For n=2, there is of course a quadric going through any three points and avoiding the last point. In $\mathbb{P}^3$, it is easy to exhibit a quadric going through 6 points (and avoiding the last two). This is however not possible with 7 points (as can be seen using a projection to $\mathbb{P}^2$).
To complement the answers of Sasha and Damiano I would like to give one (completley non-generic) example of a very specific configuration when a quadric contains exactly $3\cdot 2^{n-2}$ points.
Take in $\mathbb C^n$ the collection of $2^n$ points $(\pm 1,..., \pm 1)$. It is clear that this collection is the intersection of n quadrics.
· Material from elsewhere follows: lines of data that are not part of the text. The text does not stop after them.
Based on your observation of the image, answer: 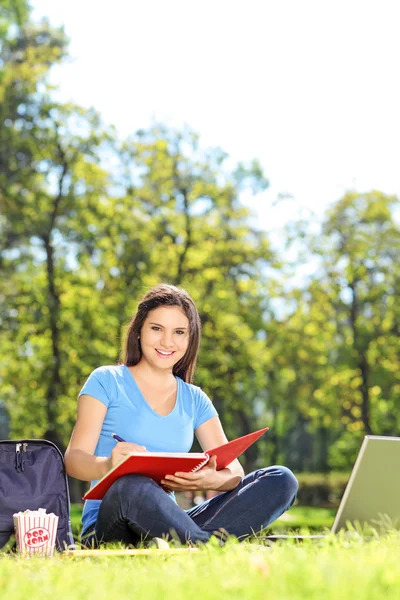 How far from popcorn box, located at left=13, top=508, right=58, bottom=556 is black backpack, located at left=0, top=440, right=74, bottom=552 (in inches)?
4.6

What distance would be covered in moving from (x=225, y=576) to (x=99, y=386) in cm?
189

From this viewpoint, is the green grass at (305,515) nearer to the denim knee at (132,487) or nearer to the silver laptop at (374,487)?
the silver laptop at (374,487)

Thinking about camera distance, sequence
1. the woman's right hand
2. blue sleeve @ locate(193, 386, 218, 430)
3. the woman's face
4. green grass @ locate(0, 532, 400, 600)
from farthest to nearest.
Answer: blue sleeve @ locate(193, 386, 218, 430)
the woman's face
the woman's right hand
green grass @ locate(0, 532, 400, 600)

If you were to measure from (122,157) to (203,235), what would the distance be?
106 inches

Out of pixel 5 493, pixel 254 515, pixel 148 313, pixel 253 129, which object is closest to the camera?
pixel 5 493

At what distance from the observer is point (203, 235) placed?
21.0m

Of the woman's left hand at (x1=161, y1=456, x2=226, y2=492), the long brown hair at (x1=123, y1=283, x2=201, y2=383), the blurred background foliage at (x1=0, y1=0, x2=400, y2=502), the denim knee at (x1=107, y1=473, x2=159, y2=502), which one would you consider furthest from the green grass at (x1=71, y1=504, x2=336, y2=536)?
the denim knee at (x1=107, y1=473, x2=159, y2=502)

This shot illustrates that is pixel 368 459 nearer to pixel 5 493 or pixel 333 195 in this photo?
pixel 5 493

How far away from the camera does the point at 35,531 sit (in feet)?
11.1

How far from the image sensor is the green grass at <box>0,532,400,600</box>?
196 centimetres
Indeed, we can obtain these points by taking intersection of $n$ degenerate quadrics $Q_i:=(x_i+1)(x_i-1)=0$, then we perturb a bit each quadric by adding a little multiple of $(\sum_i x_i^2-n)$. This way we get $n$ smooth quadrics that intersect transversally in the above $2^n$ points. Finally take one more singular quadric $(x_1-1)(x_2-1)=0$ it contains exactly $3\cdot 2^{n-2}$ points.
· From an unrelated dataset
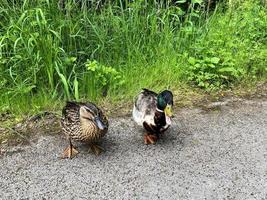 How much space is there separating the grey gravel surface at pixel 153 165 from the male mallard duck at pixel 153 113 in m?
0.14

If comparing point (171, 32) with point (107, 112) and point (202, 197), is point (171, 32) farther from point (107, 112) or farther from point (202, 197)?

I do not know how much progress has been made on this, but what you ask is part of a conjecture appearing in a paper of Eisenbud, Green and Harris (see Cayley-Bacharach Theorems and Conjectures, Conjecture CB10). The authors make the following conjecture.
Conjecture CB10. (Eisenbud, Green, Harris) Let $\Gamma$ be a complete intersection of $n$ quadrics in $\mathbb{P}^n$. If $X \subset \mathbb{P}^n$ is any hypersurface of degree $k$ containing a subscheme $\Gamma_0 \subset \Gamma$ of degree strictly greater than $2^n − 2^{n−k}$, then $X$ contains $\Gamma$.
If $X$ is a quadric, this says that if $X$ contains more than $3 \cdot 2^{n-2}$ of the points, then it must contain them all.
I think the answer is the stupid estimate $(n^2+n)/2$. On one hand, for any $(n^2 + n)/2$ points there is at least $n+1$ quadrics passing through it, just by counting the parameters. On the other hand, if you pick up $c_n := (n^2+n)/2 + 1$ points in generic position there are precisely $n$ quadrics through them. Now let $H_n$ be the irreducible component of the Hilbert scheme $(P^n)^{[c_n]}$ containing the subschemes consisting of $c_n$ distinct points. We have a rational map $H_n \to Gr(n,S^2V^*)$, $Z \mapsto H^0(P^n,I_Z(2))$ (here $V$ is the vector space of simension $n+1$ such that $P^n = P(V)$). It is clearly finite over generic point. Since $H_n$ is irreducible it follows that for generic $n$-tuple of quadrics any $c_n$ points in there intersection are generic on $H_n$, hence there are only $n$ quadrics passing through them.